Start of GIVEN ENTRIES

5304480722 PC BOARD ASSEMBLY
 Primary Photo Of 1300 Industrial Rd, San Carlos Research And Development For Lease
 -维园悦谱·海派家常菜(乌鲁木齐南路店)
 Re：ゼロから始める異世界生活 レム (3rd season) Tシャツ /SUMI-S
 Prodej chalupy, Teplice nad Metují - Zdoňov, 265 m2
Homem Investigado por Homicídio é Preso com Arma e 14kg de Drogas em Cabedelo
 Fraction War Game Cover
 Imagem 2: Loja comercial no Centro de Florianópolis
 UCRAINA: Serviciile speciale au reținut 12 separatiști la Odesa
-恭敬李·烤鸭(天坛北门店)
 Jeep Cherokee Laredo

End of GIVEN ENTRIES

— YOUR GOAL —
With the line containing "Imagem 2: Loja" as the start, transcribe each line through the end of the listing above, exactly and only.

— TASK SOLUTION —
 Imagem 2: Loja comercial no Centro de Florianópolis
 UCRAINA: Serviciile speciale au reținut 12 separatiști la Odesa
-恭敬李·烤鸭(天坛北门店)
 Jeep Cherokee Laredo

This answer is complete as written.